RECORDS FOR THIS TASK Start Marker

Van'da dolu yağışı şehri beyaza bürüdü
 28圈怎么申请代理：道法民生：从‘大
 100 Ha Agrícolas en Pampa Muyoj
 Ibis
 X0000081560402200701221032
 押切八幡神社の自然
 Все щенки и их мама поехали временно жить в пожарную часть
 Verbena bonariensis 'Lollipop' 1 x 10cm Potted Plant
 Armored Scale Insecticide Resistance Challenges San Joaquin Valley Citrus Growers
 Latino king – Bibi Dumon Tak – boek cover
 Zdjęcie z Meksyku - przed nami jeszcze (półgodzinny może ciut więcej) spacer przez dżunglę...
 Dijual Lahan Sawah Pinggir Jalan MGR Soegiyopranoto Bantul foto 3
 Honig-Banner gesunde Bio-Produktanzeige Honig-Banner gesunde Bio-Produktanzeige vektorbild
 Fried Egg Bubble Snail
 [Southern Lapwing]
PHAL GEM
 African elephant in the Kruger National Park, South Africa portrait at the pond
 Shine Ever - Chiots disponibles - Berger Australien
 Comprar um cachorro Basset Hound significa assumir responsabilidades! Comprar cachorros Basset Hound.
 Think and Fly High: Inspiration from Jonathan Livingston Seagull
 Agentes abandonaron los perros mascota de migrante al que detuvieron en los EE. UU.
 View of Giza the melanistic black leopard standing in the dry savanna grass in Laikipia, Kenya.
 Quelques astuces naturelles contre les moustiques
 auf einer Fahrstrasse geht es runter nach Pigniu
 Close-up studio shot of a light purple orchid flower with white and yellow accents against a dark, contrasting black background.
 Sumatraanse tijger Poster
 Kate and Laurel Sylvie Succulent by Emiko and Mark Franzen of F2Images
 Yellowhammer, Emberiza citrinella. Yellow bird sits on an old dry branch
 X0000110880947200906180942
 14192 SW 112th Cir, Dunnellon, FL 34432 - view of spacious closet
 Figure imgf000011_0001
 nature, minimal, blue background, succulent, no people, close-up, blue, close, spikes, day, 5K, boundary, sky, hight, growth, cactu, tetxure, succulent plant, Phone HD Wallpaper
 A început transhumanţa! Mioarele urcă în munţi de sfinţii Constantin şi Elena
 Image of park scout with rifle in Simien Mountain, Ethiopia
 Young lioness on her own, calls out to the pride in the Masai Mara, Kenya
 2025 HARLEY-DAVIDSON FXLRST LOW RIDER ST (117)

RECORDS FOR THIS TASK End Marker

• _EXERCISE GOAL_: Your answer should be the lines from the one containing "Young lioness on" to the end of the entries above, restated exactly and alone.

• _OUTPUT FOR THIS TASK_:
 Young lioness on her own, calls out to the pride in the Masai Mara, Kenya
 2025 HARLEY-DAVIDSON FXLRST LOW RIDER ST (117)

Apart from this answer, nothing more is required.